### Work to be completed
Below are the records; extract from them the line containing "White Dial TW" to the line containing "C5 aircross C5", both lines included, exactly and with no pictures.

### Provided information
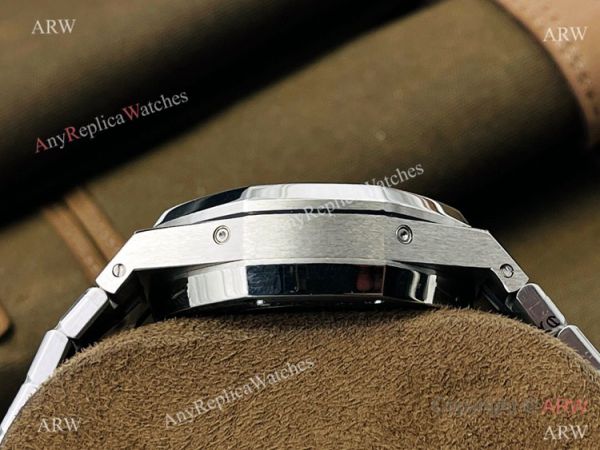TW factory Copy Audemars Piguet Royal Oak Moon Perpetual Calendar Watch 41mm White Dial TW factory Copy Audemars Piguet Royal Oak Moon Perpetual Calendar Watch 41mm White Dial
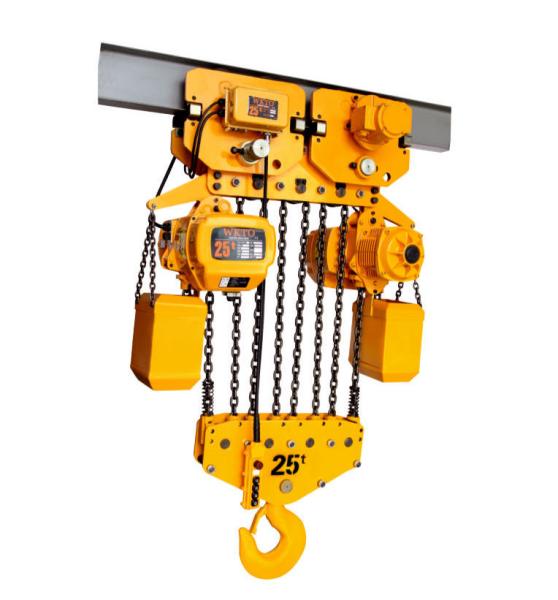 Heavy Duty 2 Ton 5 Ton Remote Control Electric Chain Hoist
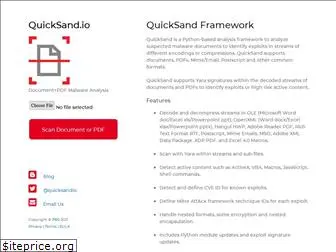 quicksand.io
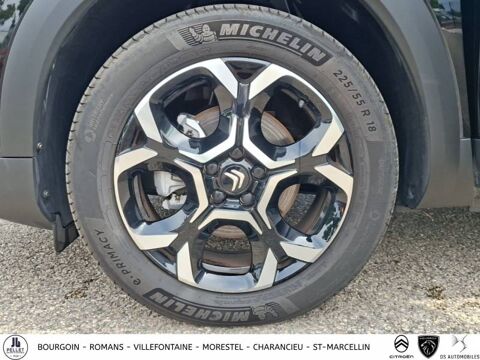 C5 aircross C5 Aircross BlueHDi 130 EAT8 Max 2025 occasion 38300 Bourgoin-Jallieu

==

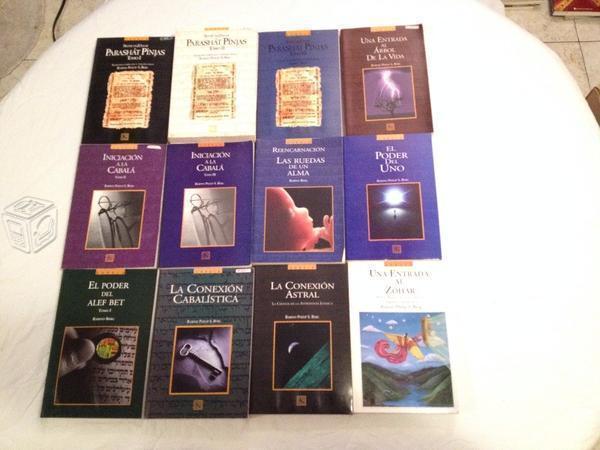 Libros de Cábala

==

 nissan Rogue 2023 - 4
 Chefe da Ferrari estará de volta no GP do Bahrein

### Output of the exercise
TW factory Copy Audemars Piguet Royal Oak Moon Perpetual Calendar Watch 41mm White Dial TW factory Copy Audemars Piguet Royal Oak Moon Perpetual Calendar Watch 41mm White Dial
 Heavy Duty 2 Ton 5 Ton Remote Control Electric Chain Hoist
 quicksand.io
 C5 aircross C5 Aircross BlueHDi 130 EAT8 Max 2025 occasion 38300 Bourgoin-Jallieu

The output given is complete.